Exercise brief: Return the data exactly, without pictures.

Supplied material:
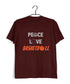 Basketball Peace Love Basketball Sports Casual Graphic Printed T-Shirt for Men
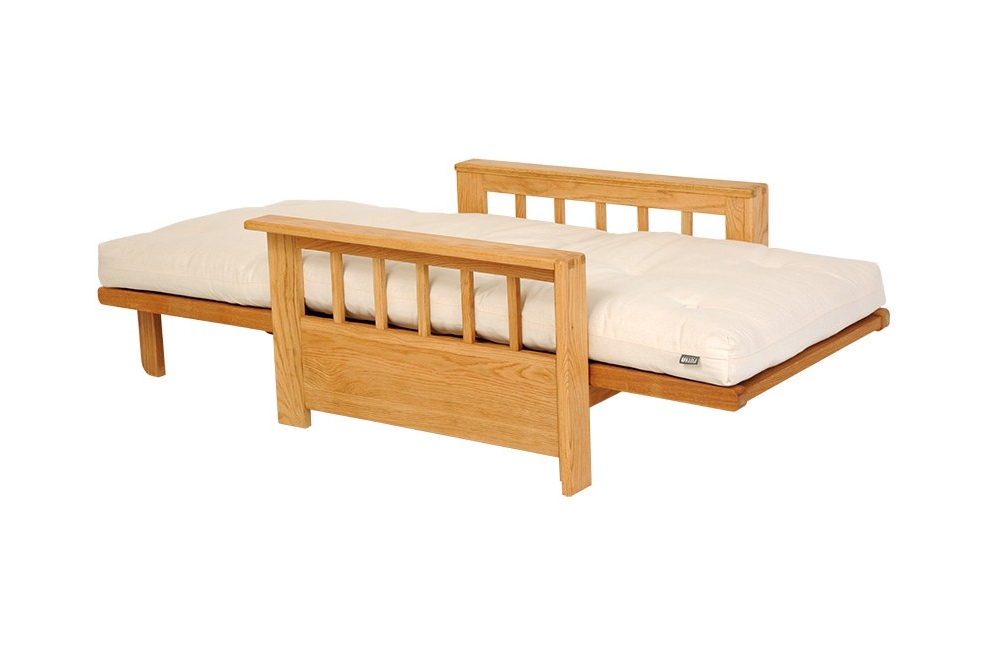 Vienna - Single Seater Solid Oak Sofa Bed - Unfolded, Angled view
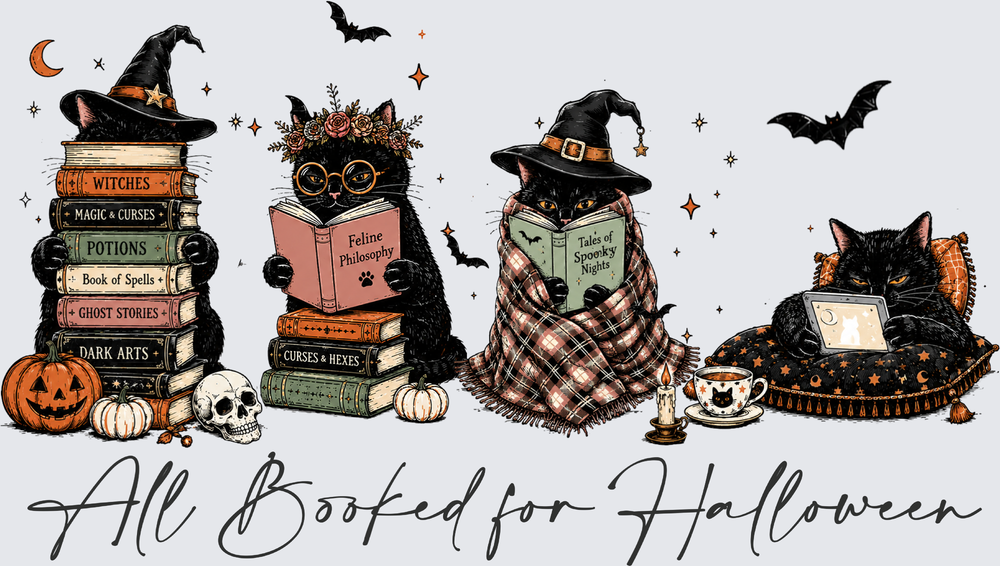 All Booked For Halloween Cats- STK07936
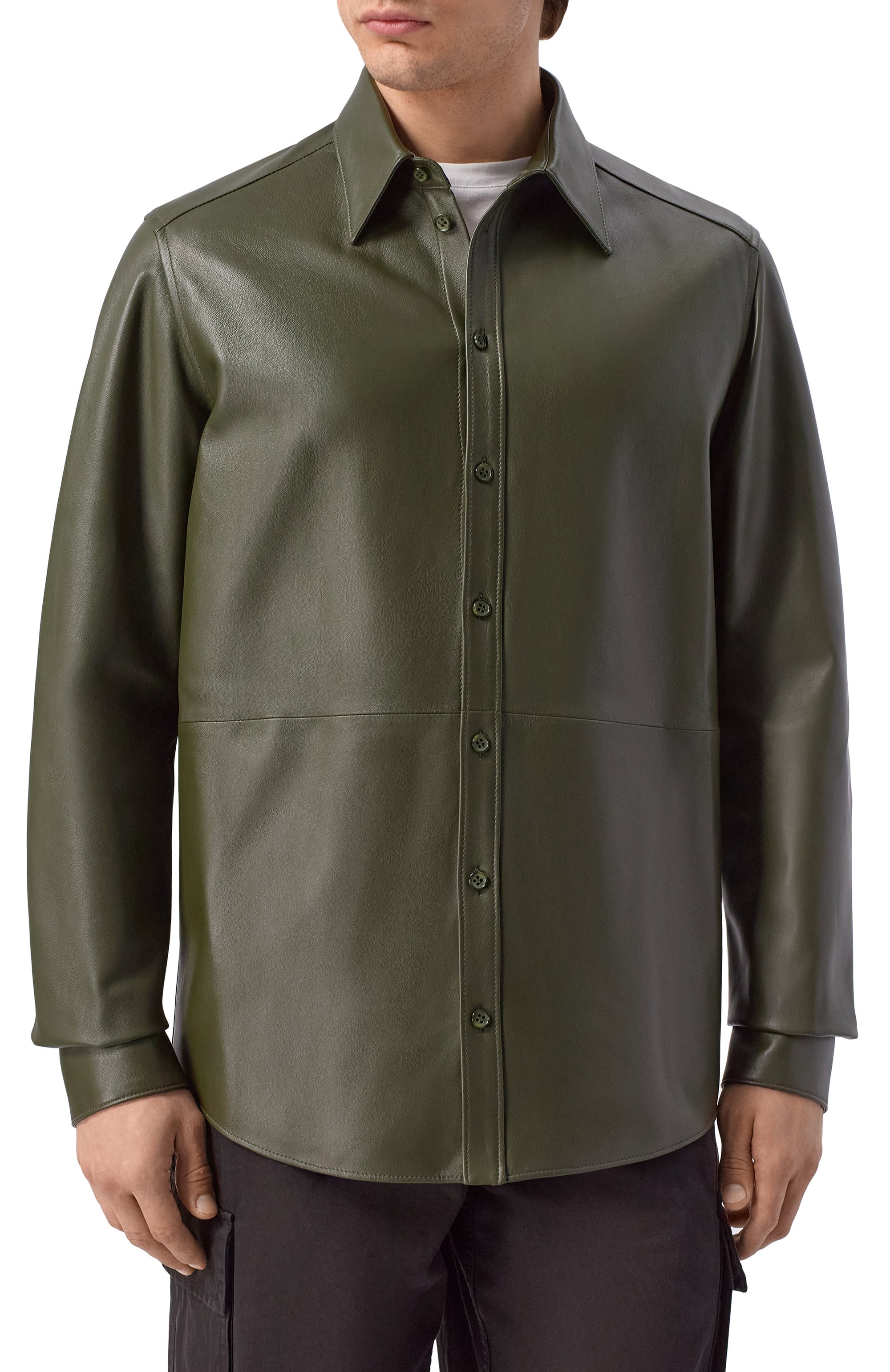 Кожаная рубашка DOLCE & GABBANA, арт. G5NP9L/HULFY, фото 3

The answer:
 Basketball Peace Love Basketball Sports Casual Graphic Printed T-Shirt for Men
 Vienna - Single Seater Solid Oak Sofa Bed - Unfolded, Angled view
 All Booked For Halloween Cats- STK07936
 Кожаная рубашка DOLCE & GABBANA, арт. G5NP9L/HULFY, фото 3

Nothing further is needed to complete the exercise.